Whilst my children were at primary school, I was involved with the school board and acted as chair over the period of an acting headship and then the appointment of two successive head teachers. I had a very good working relationship with the first of these who made a big effort to keep me and the board informed of everything that was going on in the school, including involvement in staff appointments. The end of her tenure unfortunately coincided with an enormous increase in the volume of my own work and a concomitant decrease in the amount of time I was able to put into the board. With the new head, the relationship was friendly but different and I discovered that I wasn’t learning of major happenings until board meetings, if then, and was often finding things out well after they had happened and the playground gossip was in full swing. This left me, on occasions, playing catch up. I passed over the chair of the board as soon as I could to someone who was able to develop a much better dialogue with the head than I.
My point is not a real criticism in either case, as different people have different ways of working and personalities are all important. It is more that schools in general don’t really see the need to tell parents about what they (the school) perceive as the minutiae of what’s going on. Unfortunately, rumours spread like wildfire and the public perception of a school and how it’s faring is very important to the standing of that school in the community. And to whether or not parents will send their children there. I have had more conversations than I care to remember along the lines of “How are your children doing at XXX school?” Spoken sotto voce with a commiserating tone. “I hear it’s not as good as XXXX”. I had one such conversation just after Christmas with a lady who has no intention of letting her children suffer Ross High. Ross High does not have a great reputation in the wider community, however much on the up the results might be.
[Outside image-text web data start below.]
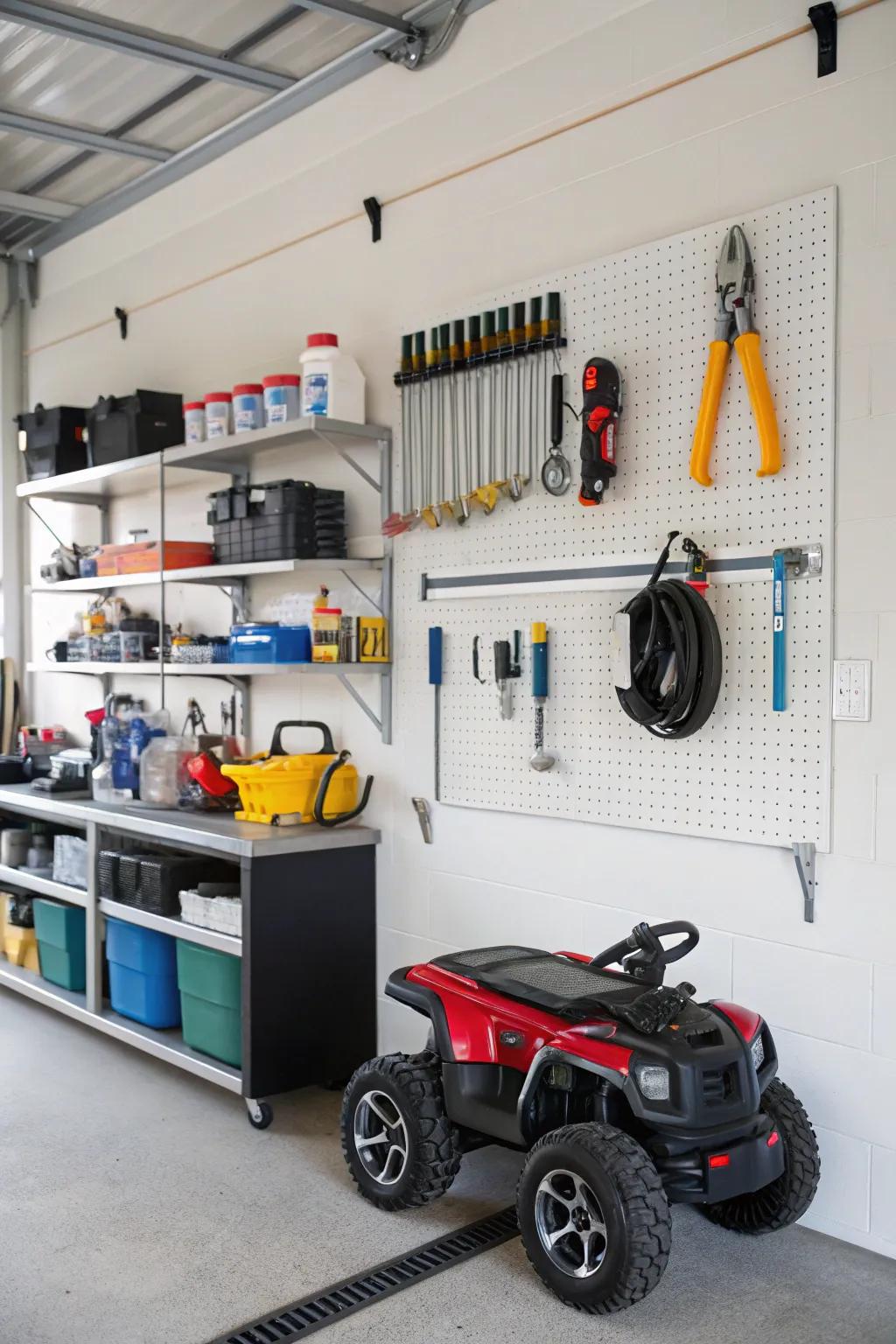 Ride-on toys hanging on garage wall hooks for smart storage.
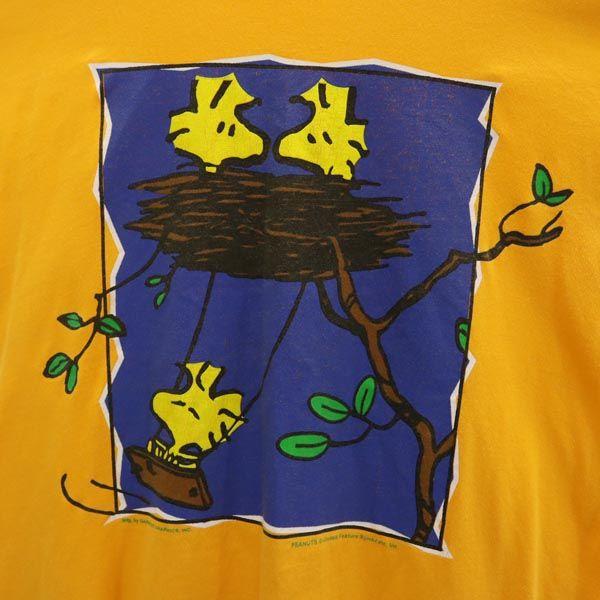 Summit 90-е Сделано в США Старая футболка с принтом Снупи и Вудстока с коротким рукавом Мужская Б/У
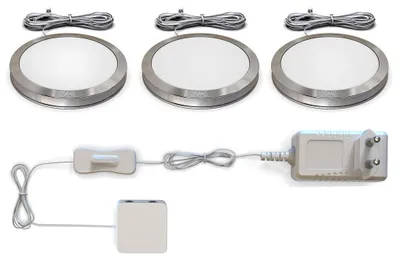 Image de B.K.Licht lot de 3 spots en saillie, spots LED vitrine, cuisine, armoire, 170Lm par spot, blanc chaud 3000K, spots LED cuisine, accessoires inclus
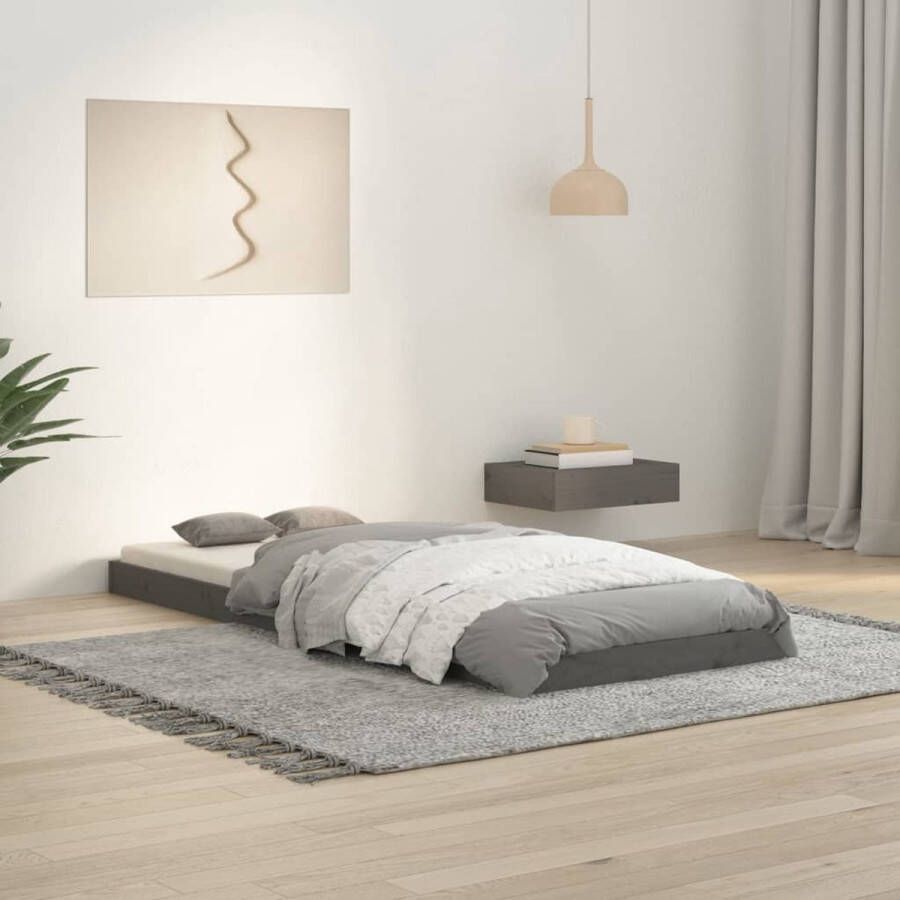 VidaXL -Bedframe-massief-grenenhout-grijs-75x190-cm-2FT6-Small-Single - Foto 2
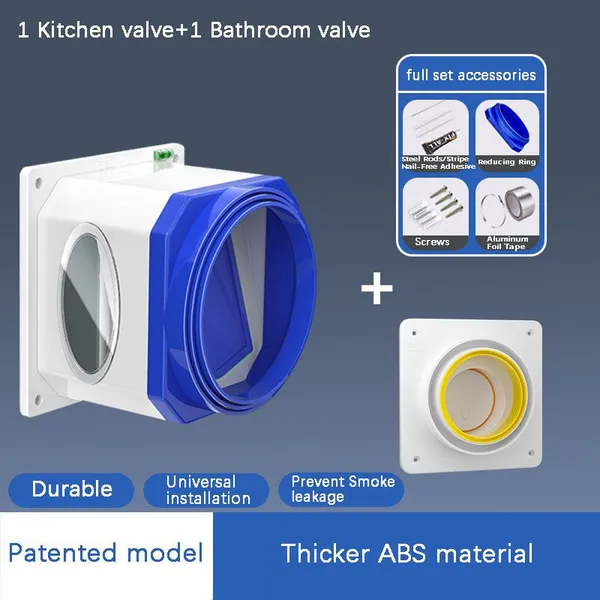 Specialized Flue Smoke Check Valves 1 Kitchen Valve+1 Bathroom Valve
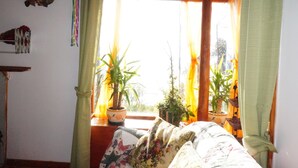 Una habitación con una cama, una ventana con cortinas y varias plantas en macetas.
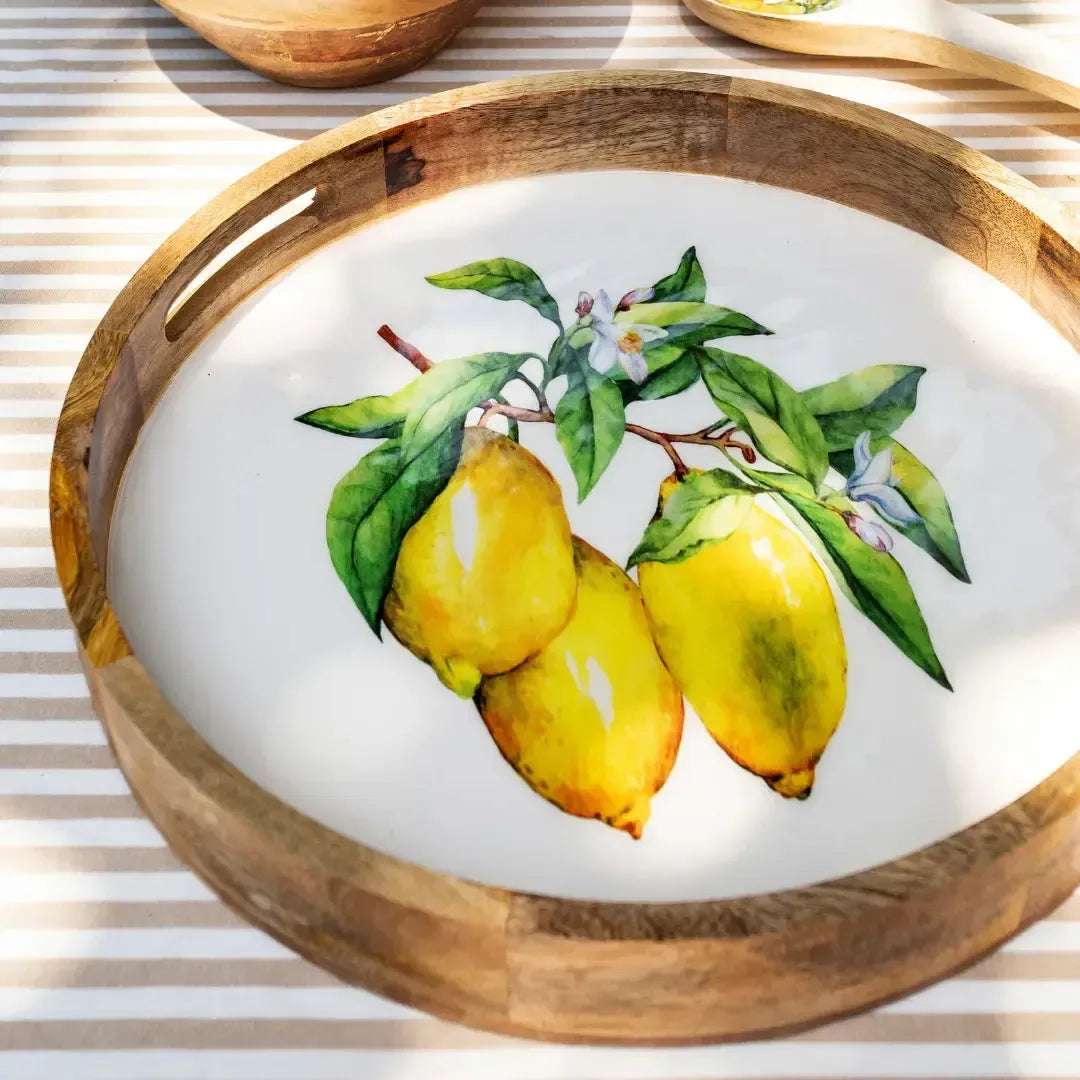 Bandeja Grande Redonda Madeira Toscana Bahali 40cm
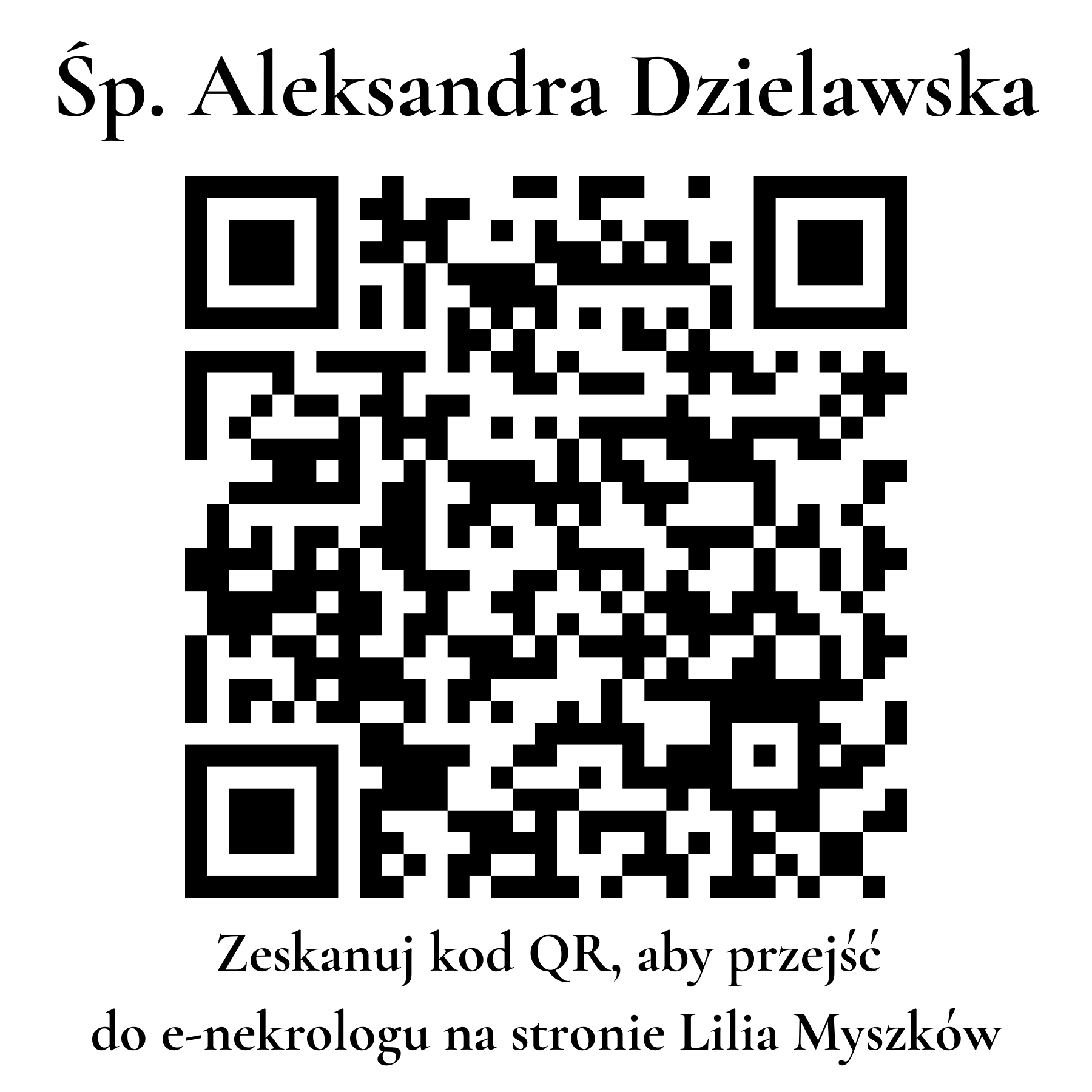Kod QR do nekrologu Aleksandra Dzielawska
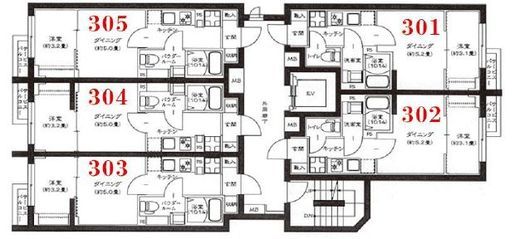 グローリオシェルト武蔵小杉Ⅱ 304 間取り図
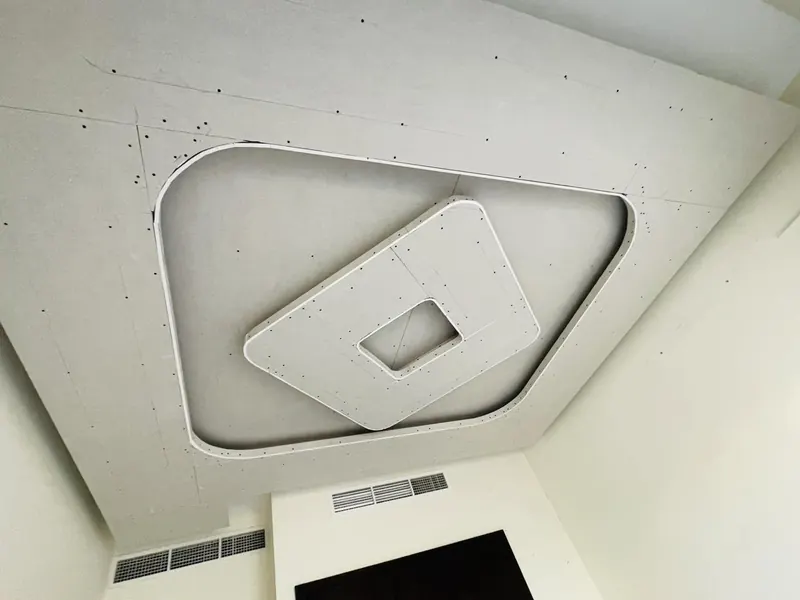 Curved gypsum ceiling feature, before finishing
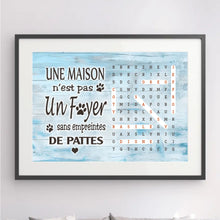 Charger l'image dans la galerie, Mots mêlés personnalisés pet noms, Toile cadeaux pour famille, maman et papa chiens, chat, Une maison n’est pas un foyer sans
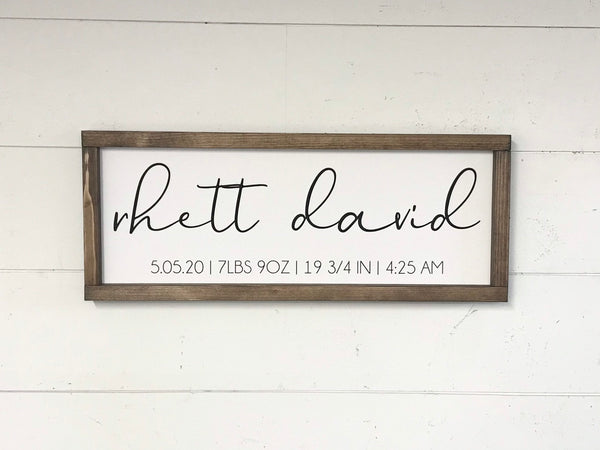 Baby Birth Stat Sign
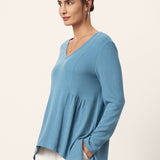 Wool-Blend Sweetheart Pleated Long Sleeve Top AMBER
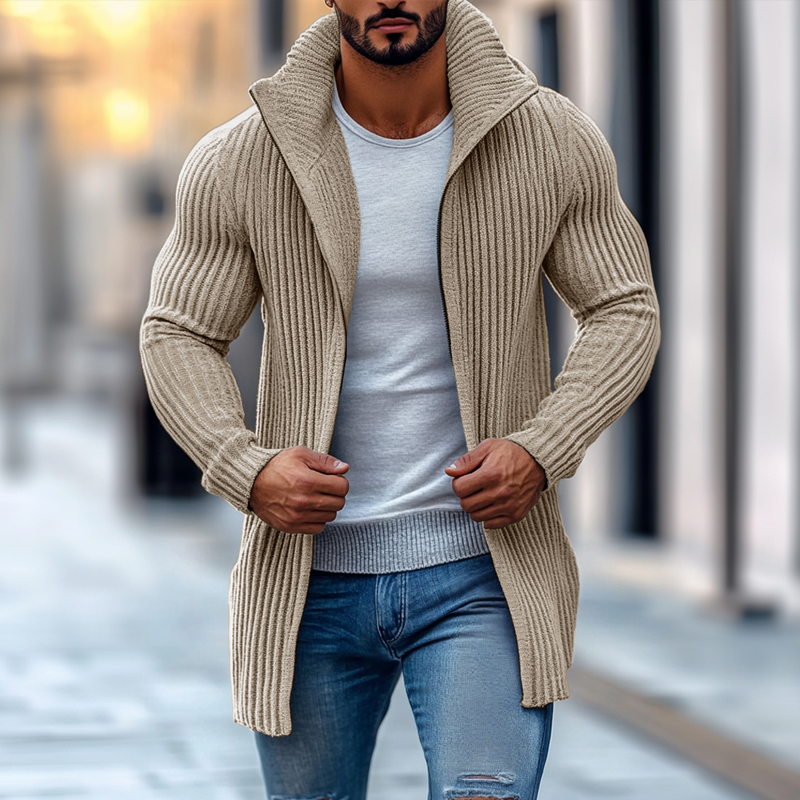 men's-fashion-stand-collar-solid-striped-long-sleeve-mid-length-knit-cardigan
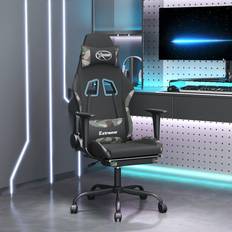 Hvite Gaming stoler vidaXL Gaming Chair with Footrest Black and Camouflage Fabric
Pencaitland parents start moving to North Berwick at about P6. Parents whose children have attended RH, on the other hand, speak of it in glowing terms – but I’m sure you all know that already!
Keeping the parents well informed about everything and scotching the rumour mill are hugely important in building a good relationship with the community. Head Teacher departure/appointments are too significant to be left to a casual mention in the next newsletter. Schools talk a great deal about partnerships with parents but it has always seemed to me, from the moment that my children first entered the education system, that schools only want this partnership on their own terms. Maybe they’re too busy educating our children to tell us about everything but, now that communication is becoming so fast and easy, that’s not really acceptable. We do get texts about meetings and letters, phone calls about missed homework. But try getting information about something off the mainstream. Phew!
I got put right in my place in our first couple of weeks. I had phoned up, very innocently, to find something out (can’t remember what) and the response from the desk was “What! Am I supposed to know everything now!” “Well, yes…”
So please, tell us everything and you might get something positive back. ANd GET THAT WEBSITE UP TO DATE!